水を飲まない理由は一つとは限りませんので、以下のような工夫を組み合わせて試してみてください。

  • 新鮮な水を用意する(こまめに交換しましょう)
  • 食器台を利用する(肩の高さが飲みやすい位置)
  • 自動給水器を使う(流水が好きな子もいます)
  • 部屋ごとに水を置く(よくいる場所に置きましょう)
  • 静かな部屋に置く(騒音がストレスになっている場合も)
  • クレートの中に置く(安心できる場所で飲みたいかも)
  • 飲んだら褒める(楽しい記憶と紐付けましょう)

うまくいかない場合は一人で悩みすぎず、ドッグトレーナーや行動診療科の獣医師など専門家に相談することをお勧めします。飼い主さんが見逃していた意外な原因に気づけるかもしれません。

食事を見直して水分摂取を促す

普段ドライフードを食べている場合は、水を混ぜてふやかすことで水分摂取につながります。ただ、それならウェットフードに変えることも検討されるといいでしょう。ドライフードは超高温加熱によって水分をほとんど含みませんが(10%以下)、ウェットフードなら70%以上の水分を含みます。

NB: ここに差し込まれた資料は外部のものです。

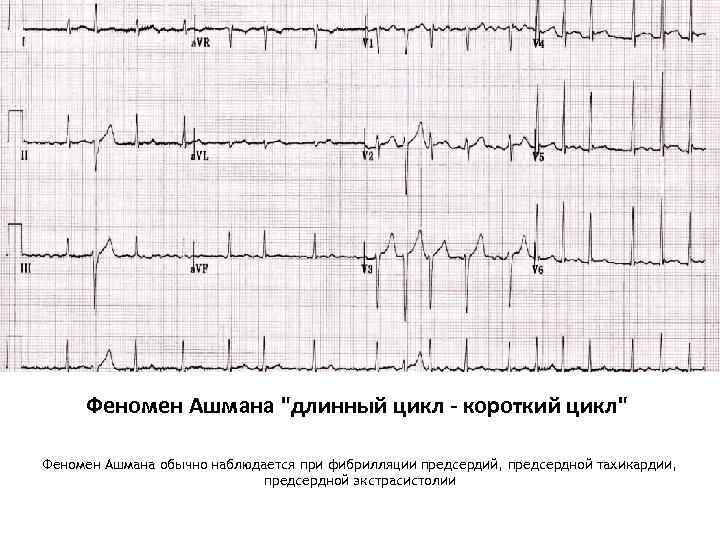 Феномен Ашмана "длинный цикл - короткий цикл" Феномен Ашмана обычно наблюдается при фибрилляции предсердий,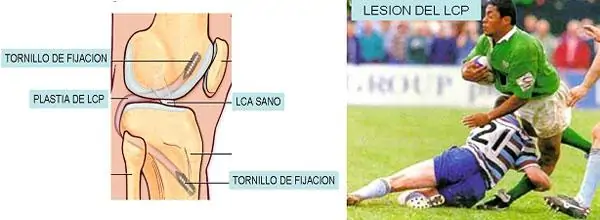 Lesiones Rodilla Ligamento Cruzado Posterior Dr. Manuel Villanueva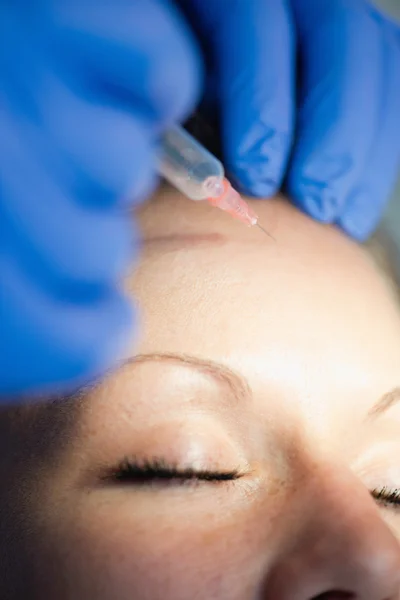 Botox injeção na testa da mulher — Fotografia de Stock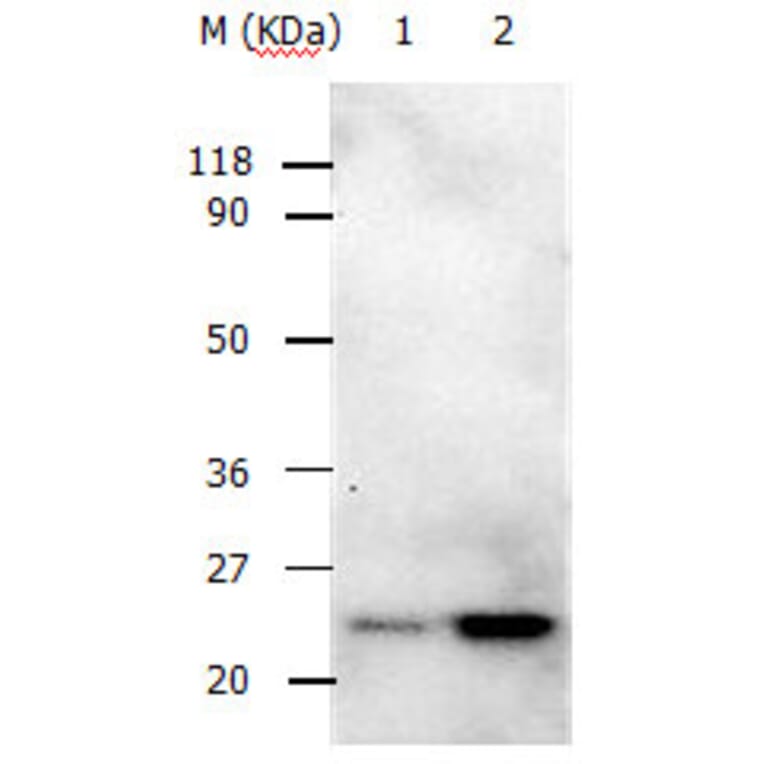 RAB5A Antibody from Signalway Antibody (31147) - Antibodies.com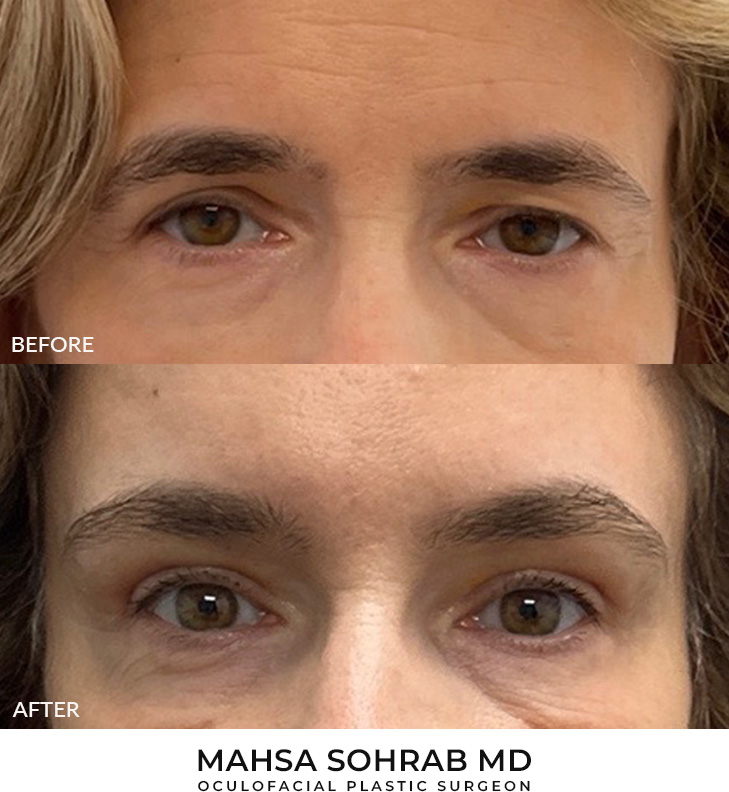53 year old woman who was bothered by heaviness of upper eyelids. She underwent upper blepharoplasty and endoscopic eyebrow and forehead lifting. After photos are 1 month post-procedure.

また、飲水よりも食材の水分を摂取したほうが水分の吸収量が高いこともわかっています。1日の最適カロリー量の10%以内であればトッピングやおやつを与えても問題ありませんので、水分量の多い野菜や果物を与えるのもいいでしょう。カロリーが気になる場合は、おやつ代わりに氷をあげるのもお勧めです。

まとめ

水を飲む犬
飲水量の目安は体重1kgあたり50〜60ml
1日の最適カロリー量と同等量がより正確
急に水を飲む・飲まない場合は注意
飲まない犬は生活や食事を見直す
水は六大栄養素に数えられるほど重要な栄養素ですから、多すぎず少なすぎず、最適な量を飲まなければいけません。飲むのが苦手な犬には、生活や食事に原因があるかもしれません。病気の可能性には注意しながら、飲んでもらう工夫をしてみてください。難しい場合は、専門家に相談することでうまく解決するかもしれません。